[Web page caption snippets]
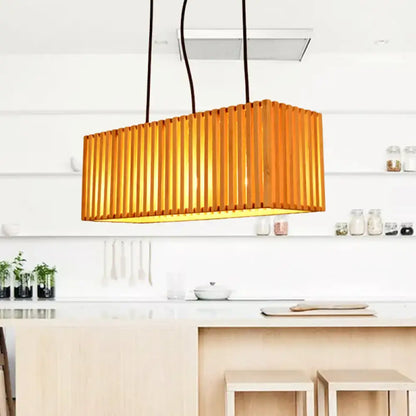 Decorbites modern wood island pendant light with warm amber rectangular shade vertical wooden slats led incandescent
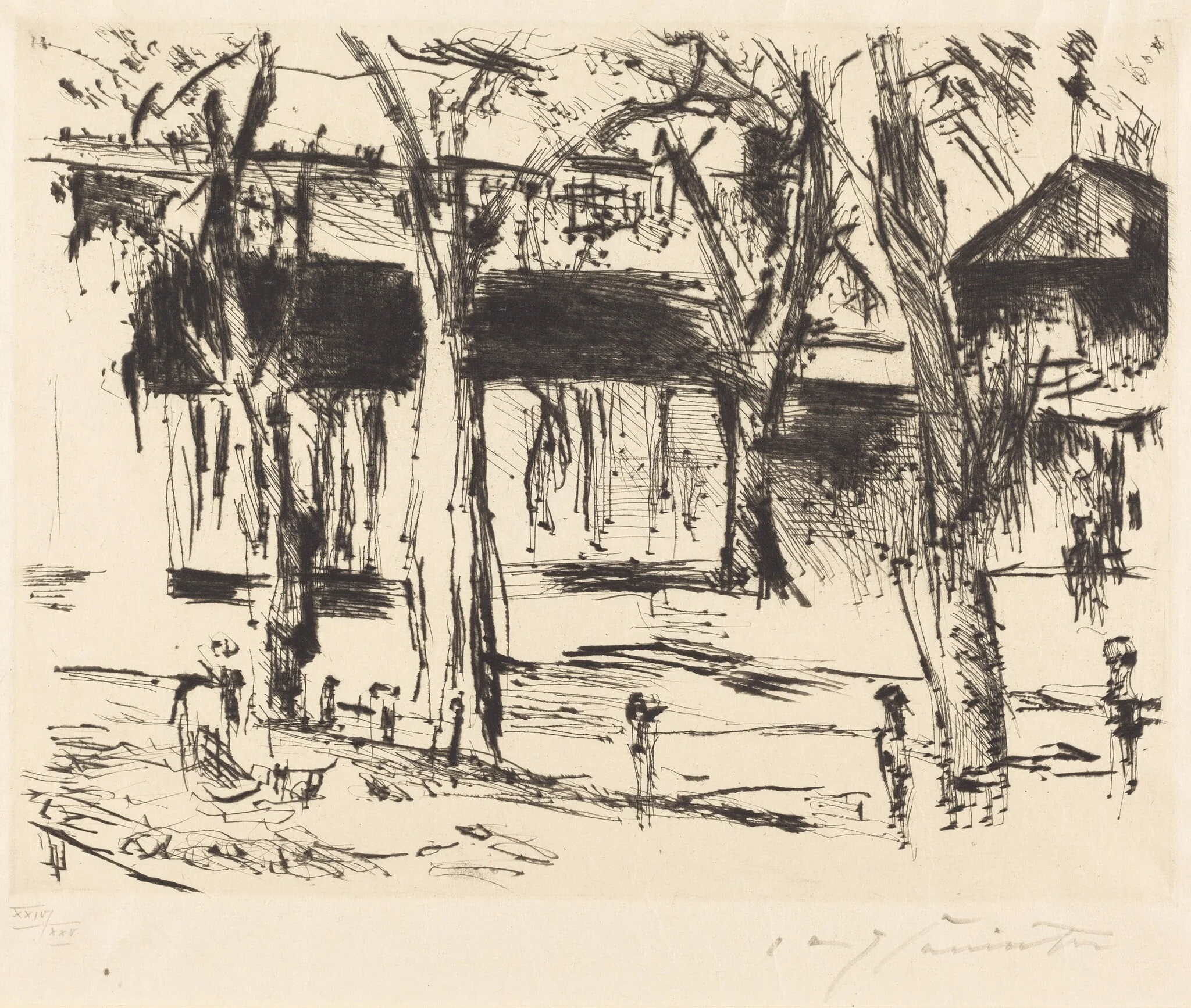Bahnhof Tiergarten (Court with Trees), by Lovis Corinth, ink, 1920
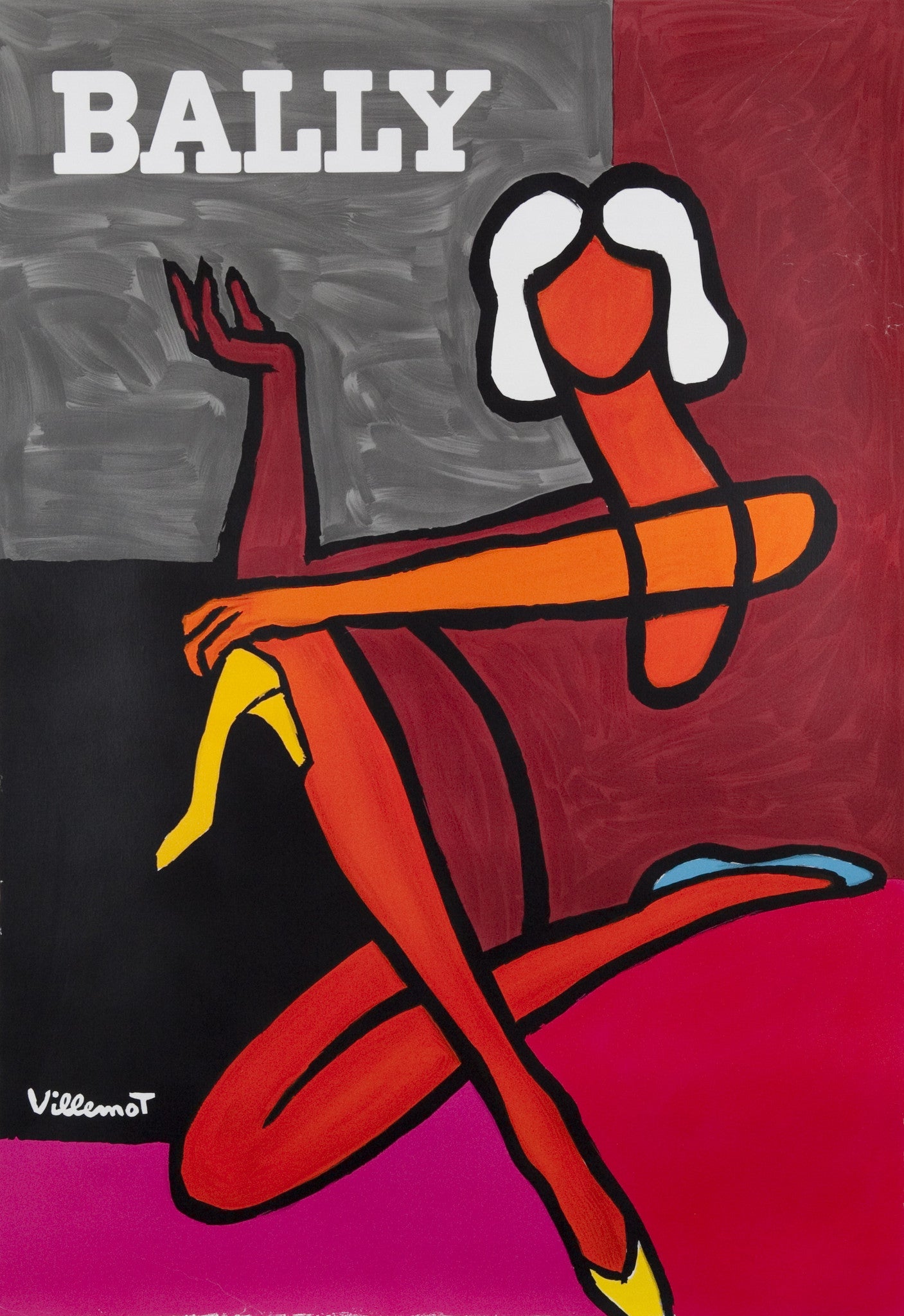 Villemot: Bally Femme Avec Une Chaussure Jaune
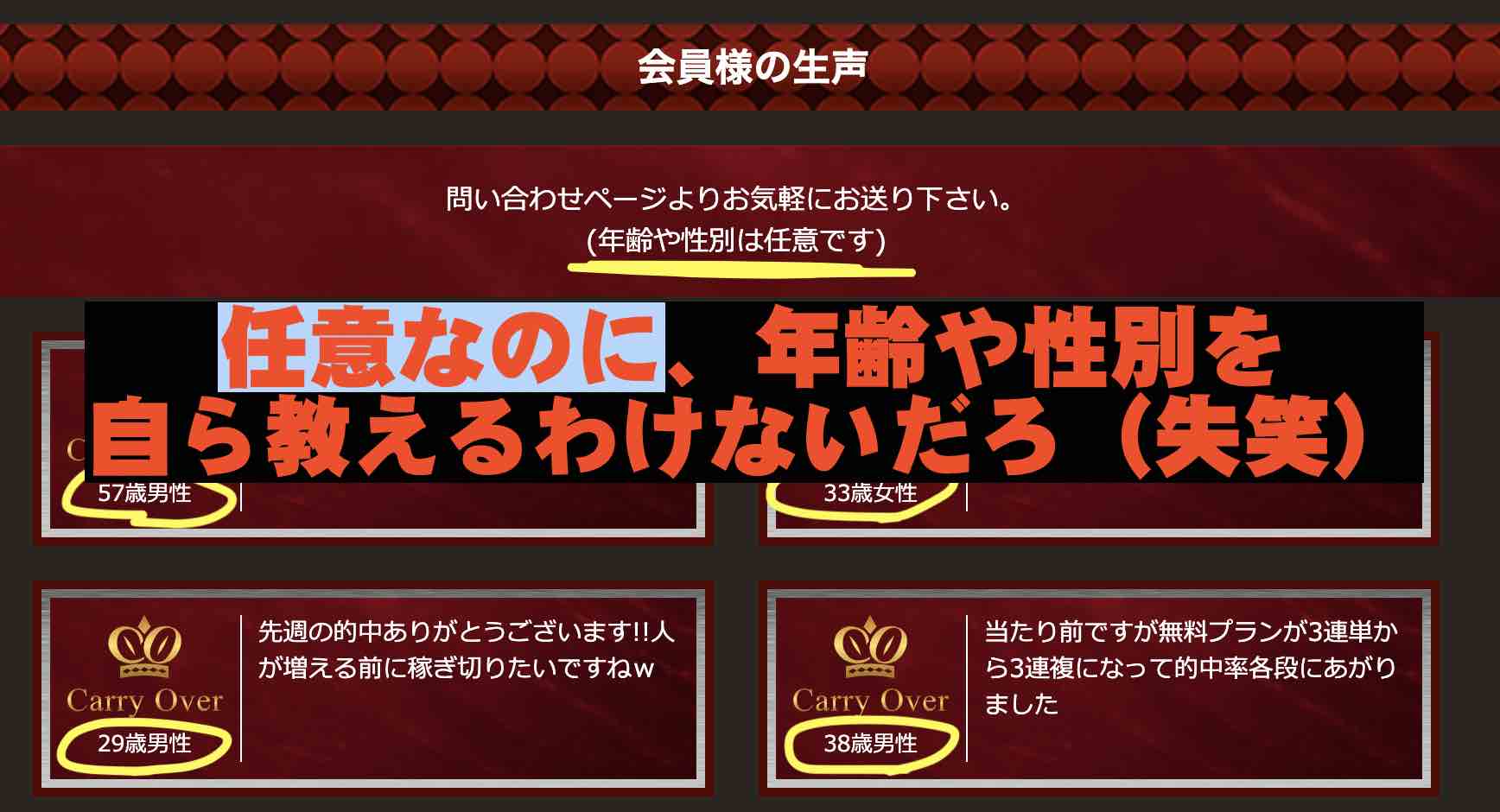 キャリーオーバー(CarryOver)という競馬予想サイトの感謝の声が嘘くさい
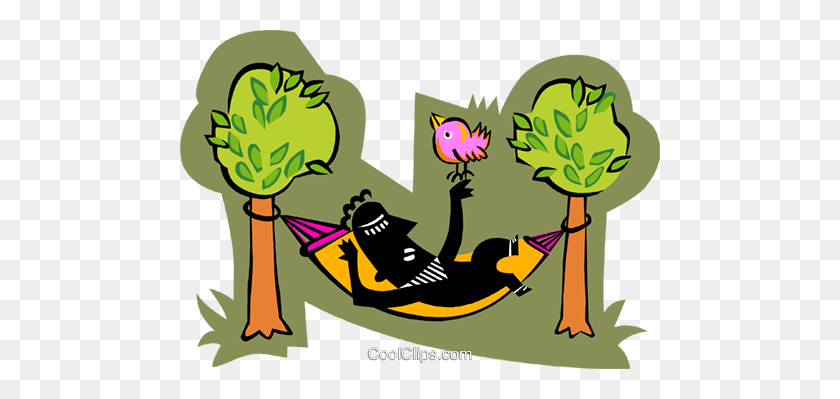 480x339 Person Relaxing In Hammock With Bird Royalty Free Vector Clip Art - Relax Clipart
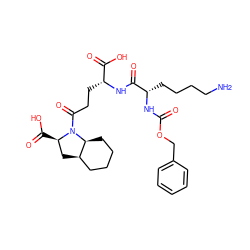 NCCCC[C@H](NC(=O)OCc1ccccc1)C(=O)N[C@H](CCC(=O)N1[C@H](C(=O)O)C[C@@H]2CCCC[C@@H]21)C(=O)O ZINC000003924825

Task: Drop the pictures, then transcribe the lines from the one containing "Bahnhof Tiergarten (Court" to the end of the data above, exactly and nothing more.

Completed exercise:
Bahnhof Tiergarten (Court with Trees), by Lovis Corinth, ink, 1920
 Villemot: Bally Femme Avec Une Chaussure Jaune
 キャリーオーバー(CarryOver)という競馬予想サイトの感謝の声が嘘くさい
 480x339 Person Relaxing In Hammock With Bird Royalty Free Vector Clip Art - Relax Clipart
 NCCCC[C@H](NC(=O)OCc1ccccc1)C(=O)N[C@H](CCC(=O)N1[C@H](C(=O)O)C[C@@H]2CCCC[C@@H]21)C(=O)O ZINC000003924825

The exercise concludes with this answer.